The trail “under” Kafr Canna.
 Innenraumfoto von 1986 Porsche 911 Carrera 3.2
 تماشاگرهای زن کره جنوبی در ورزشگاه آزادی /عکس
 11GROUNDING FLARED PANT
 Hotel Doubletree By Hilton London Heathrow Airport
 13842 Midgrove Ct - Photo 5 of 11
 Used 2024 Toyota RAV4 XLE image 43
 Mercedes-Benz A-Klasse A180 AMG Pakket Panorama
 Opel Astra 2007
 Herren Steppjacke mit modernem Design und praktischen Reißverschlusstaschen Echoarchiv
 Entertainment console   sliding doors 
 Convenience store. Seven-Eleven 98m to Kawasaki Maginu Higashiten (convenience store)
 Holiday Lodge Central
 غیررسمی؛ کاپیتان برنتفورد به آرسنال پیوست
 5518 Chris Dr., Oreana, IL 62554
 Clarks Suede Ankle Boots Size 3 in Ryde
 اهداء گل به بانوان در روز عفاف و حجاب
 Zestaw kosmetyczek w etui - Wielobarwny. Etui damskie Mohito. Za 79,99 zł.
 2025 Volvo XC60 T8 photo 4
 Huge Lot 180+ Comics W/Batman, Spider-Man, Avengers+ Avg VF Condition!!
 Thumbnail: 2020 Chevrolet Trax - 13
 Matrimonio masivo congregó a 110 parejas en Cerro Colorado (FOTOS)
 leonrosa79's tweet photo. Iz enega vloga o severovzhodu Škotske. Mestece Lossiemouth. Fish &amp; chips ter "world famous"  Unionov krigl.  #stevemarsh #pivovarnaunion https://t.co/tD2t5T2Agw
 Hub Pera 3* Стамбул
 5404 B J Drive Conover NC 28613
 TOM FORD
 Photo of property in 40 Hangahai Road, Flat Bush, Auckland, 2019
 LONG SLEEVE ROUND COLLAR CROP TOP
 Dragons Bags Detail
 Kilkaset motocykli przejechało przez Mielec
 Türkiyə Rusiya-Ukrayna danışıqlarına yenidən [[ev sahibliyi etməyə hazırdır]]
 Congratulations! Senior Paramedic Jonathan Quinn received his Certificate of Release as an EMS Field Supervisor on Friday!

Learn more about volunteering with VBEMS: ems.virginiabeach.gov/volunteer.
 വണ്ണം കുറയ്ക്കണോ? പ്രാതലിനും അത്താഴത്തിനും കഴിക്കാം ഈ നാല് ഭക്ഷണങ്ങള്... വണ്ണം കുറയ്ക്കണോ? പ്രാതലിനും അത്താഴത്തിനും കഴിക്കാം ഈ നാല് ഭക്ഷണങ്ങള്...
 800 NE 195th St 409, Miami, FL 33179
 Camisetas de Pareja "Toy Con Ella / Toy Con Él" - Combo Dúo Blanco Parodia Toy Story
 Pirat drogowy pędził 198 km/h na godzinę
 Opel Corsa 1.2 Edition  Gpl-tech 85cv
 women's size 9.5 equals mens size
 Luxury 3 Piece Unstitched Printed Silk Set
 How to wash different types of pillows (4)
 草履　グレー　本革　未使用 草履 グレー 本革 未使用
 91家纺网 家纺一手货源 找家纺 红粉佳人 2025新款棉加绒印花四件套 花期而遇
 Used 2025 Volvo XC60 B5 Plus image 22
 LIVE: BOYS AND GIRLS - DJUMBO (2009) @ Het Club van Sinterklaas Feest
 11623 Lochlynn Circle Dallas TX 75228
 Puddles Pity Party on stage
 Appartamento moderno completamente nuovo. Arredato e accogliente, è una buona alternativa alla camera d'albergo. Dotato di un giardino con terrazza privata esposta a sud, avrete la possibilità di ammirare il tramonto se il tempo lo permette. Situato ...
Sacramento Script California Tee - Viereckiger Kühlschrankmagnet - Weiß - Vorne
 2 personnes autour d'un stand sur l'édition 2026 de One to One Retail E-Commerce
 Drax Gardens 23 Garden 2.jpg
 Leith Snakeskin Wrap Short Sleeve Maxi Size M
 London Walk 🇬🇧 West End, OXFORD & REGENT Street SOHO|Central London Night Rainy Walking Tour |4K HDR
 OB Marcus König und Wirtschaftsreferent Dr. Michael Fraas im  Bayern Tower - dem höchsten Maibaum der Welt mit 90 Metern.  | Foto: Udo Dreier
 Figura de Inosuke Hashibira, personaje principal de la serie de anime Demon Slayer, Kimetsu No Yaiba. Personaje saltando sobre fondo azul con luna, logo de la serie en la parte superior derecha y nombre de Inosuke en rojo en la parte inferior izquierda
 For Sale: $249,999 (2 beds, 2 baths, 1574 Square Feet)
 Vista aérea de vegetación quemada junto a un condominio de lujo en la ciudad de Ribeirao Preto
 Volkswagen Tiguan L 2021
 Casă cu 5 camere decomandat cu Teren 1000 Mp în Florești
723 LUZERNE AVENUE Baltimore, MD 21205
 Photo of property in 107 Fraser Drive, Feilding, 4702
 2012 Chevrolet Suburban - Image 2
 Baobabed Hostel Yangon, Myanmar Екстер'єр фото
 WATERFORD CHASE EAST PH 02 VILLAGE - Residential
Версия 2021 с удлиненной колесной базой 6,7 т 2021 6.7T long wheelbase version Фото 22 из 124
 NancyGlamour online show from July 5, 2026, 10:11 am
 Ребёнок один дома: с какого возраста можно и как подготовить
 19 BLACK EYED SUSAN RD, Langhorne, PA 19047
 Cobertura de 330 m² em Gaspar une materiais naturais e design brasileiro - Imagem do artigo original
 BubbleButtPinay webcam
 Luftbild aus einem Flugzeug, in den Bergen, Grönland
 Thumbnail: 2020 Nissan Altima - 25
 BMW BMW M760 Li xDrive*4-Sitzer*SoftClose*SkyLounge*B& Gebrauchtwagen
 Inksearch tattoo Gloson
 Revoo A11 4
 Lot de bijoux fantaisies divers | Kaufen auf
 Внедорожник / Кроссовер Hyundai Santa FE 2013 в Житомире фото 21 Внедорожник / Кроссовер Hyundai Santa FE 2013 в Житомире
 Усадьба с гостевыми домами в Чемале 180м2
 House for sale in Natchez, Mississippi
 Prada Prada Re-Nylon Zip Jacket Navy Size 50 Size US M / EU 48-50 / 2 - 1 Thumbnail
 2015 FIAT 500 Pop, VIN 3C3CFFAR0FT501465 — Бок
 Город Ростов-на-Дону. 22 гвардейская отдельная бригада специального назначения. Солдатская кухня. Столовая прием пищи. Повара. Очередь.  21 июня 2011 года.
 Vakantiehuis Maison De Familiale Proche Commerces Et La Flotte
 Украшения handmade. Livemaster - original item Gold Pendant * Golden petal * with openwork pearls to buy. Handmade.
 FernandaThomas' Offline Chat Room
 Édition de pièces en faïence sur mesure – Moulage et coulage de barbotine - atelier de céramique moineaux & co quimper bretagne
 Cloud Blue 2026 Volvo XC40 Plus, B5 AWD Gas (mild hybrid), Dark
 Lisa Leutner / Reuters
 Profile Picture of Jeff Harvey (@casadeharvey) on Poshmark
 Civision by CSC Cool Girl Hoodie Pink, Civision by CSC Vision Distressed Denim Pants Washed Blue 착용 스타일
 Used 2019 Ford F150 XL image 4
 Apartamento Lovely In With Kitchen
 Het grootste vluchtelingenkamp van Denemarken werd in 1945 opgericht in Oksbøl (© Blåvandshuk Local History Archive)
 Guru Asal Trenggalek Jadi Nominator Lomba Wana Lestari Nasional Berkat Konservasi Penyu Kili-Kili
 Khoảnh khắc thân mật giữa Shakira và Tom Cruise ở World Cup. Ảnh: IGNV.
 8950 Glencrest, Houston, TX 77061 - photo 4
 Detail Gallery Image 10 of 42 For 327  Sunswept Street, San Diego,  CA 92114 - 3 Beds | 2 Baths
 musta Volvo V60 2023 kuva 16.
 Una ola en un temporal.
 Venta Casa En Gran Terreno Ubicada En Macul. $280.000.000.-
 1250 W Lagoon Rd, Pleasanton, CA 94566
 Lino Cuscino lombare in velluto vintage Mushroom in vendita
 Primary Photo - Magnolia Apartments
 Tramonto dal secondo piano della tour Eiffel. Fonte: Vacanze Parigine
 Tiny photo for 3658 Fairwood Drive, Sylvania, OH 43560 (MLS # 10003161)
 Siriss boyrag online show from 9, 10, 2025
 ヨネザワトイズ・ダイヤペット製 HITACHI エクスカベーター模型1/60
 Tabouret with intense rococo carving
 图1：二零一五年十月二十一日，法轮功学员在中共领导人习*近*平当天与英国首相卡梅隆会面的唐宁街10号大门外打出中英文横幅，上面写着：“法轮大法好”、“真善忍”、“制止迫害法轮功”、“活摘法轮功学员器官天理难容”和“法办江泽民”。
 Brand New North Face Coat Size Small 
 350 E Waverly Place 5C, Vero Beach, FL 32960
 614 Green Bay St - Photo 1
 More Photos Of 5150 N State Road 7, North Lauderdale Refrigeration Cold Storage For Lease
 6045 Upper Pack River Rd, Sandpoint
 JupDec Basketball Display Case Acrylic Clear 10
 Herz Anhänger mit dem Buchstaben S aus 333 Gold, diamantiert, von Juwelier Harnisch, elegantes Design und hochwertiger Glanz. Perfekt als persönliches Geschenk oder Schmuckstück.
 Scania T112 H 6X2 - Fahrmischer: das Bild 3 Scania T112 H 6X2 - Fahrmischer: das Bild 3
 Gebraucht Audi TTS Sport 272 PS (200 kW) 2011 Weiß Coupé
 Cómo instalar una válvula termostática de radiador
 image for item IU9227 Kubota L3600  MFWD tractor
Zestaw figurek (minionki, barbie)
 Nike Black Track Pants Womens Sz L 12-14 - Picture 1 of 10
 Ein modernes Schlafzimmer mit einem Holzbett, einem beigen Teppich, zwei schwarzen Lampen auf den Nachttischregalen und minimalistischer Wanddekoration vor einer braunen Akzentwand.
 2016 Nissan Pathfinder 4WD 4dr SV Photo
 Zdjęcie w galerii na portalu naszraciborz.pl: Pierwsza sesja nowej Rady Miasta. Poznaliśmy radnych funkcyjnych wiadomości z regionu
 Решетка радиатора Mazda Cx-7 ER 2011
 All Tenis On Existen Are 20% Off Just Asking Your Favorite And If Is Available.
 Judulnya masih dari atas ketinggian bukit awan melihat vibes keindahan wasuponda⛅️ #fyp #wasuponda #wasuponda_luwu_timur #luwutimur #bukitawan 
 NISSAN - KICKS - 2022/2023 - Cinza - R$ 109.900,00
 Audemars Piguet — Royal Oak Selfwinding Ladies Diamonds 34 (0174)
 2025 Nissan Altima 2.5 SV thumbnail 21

**WORK TO COMPLETE:**
Among the records above, extract exactly the lines from the line with "Het grootste vluchtelingenkamp" to the line with "Khoảnh khắc thân", both lines included, and leave out the rest.

**OUTPUT BELOW:**
 Het grootste vluchtelingenkamp van Denemarken werd in 1945 opgericht in Oksbøl (© Blåvandshuk Local History Archive)
 Guru Asal Trenggalek Jadi Nominator Lomba Wana Lestari Nasional Berkat Konservasi Penyu Kili-Kili
 Khoảnh khắc thân mật giữa Shakira và Tom Cruise ở World Cup. Ảnh: IGNV.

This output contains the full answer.